> **DIRECTIONS FOR THIS TASK**
Only an exact copy of the entries, stripped of pictures, will serve as the answer.

> **Dataset excerpts**
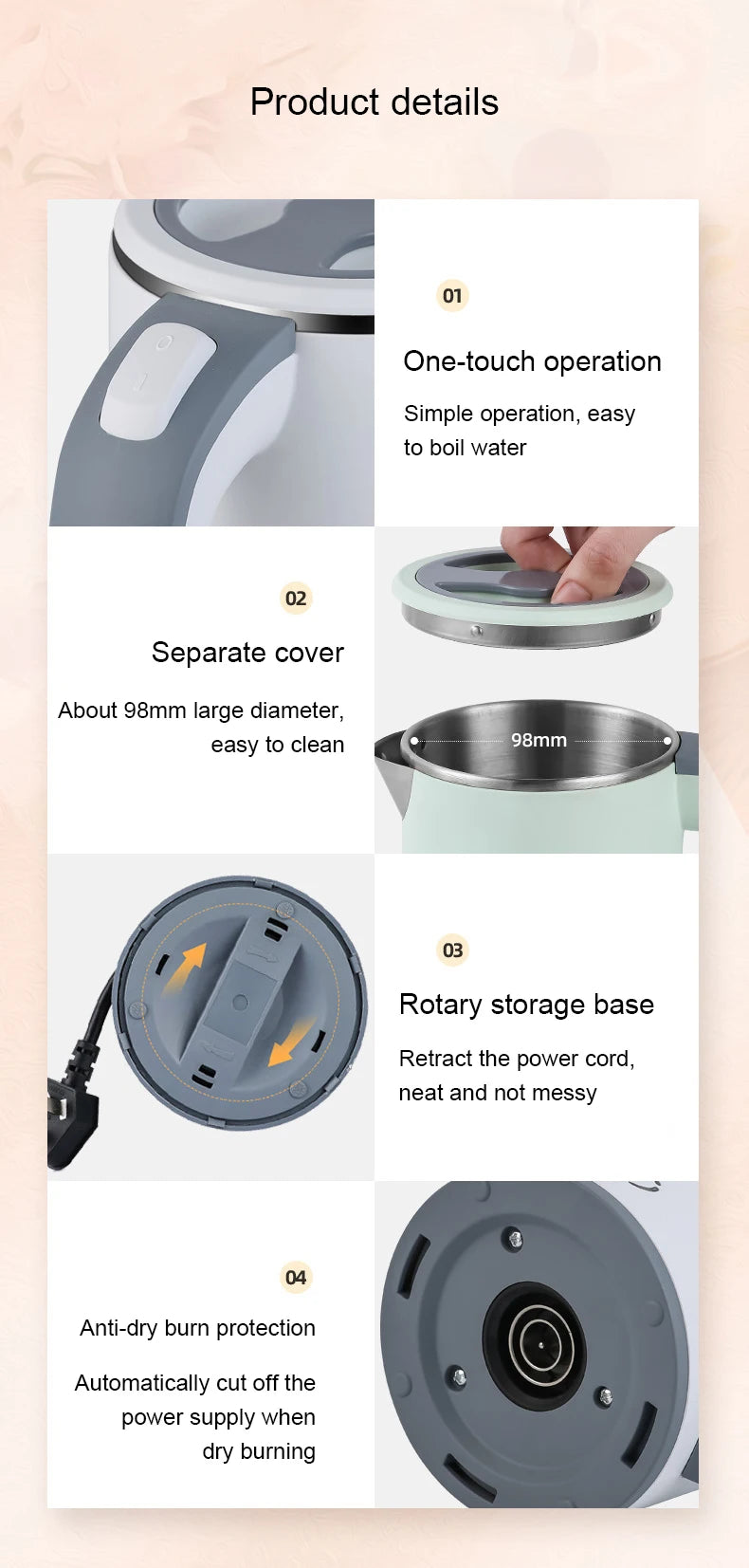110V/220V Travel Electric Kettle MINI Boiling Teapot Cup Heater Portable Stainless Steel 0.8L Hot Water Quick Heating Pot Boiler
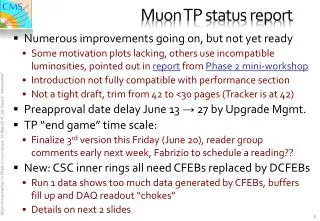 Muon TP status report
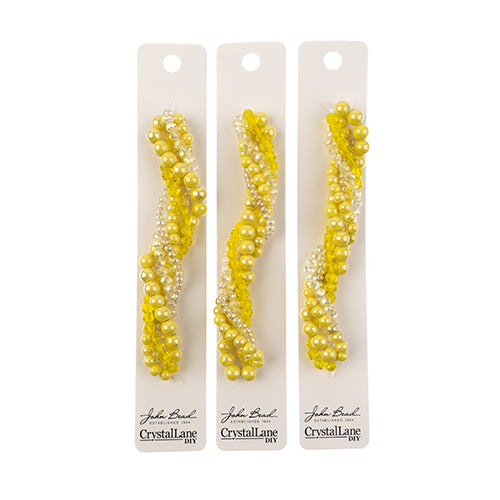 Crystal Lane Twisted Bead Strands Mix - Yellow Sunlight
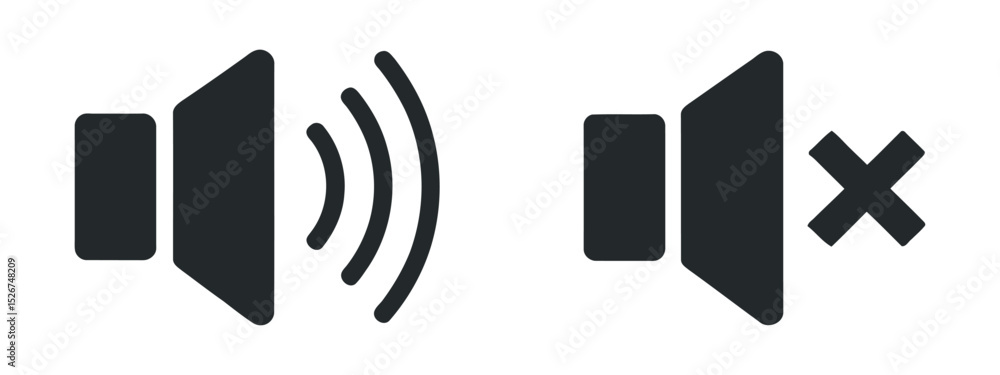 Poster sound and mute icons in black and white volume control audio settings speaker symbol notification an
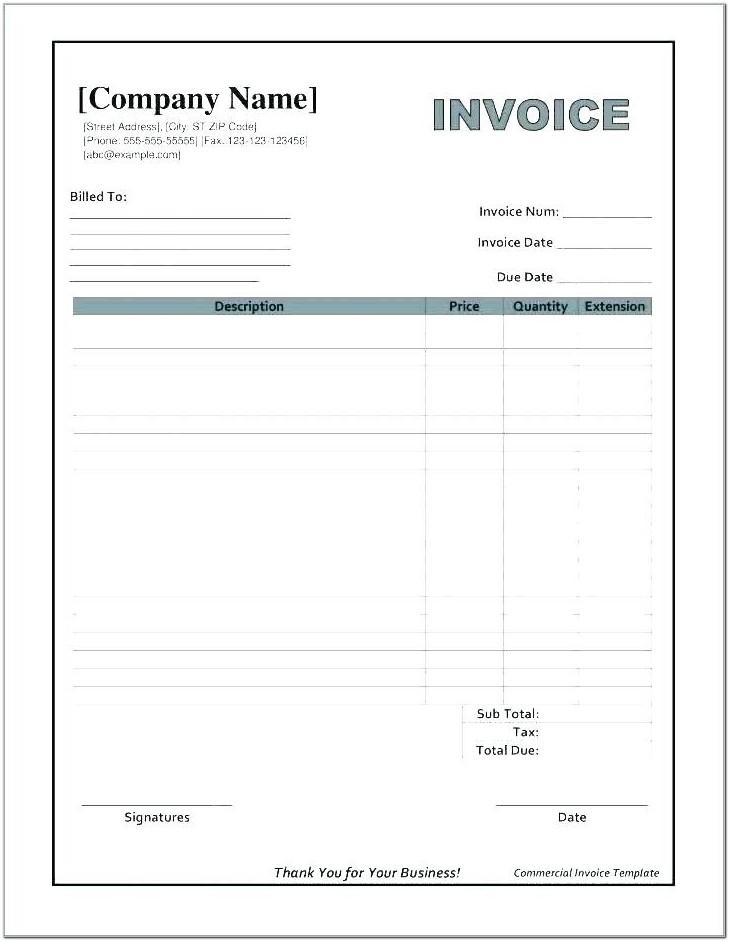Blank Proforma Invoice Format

> **TASK OUTPUT**
110V/220V Travel Electric Kettle MINI Boiling Teapot Cup Heater Portable Stainless Steel 0.8L Hot Water Quick Heating Pot Boiler
 Muon TP status report
 Crystal Lane Twisted Bead Strands Mix - Yellow Sunlight
 Poster sound and mute icons in black and white volume control audio settings speaker symbol notification an
Blank Proforma Invoice Format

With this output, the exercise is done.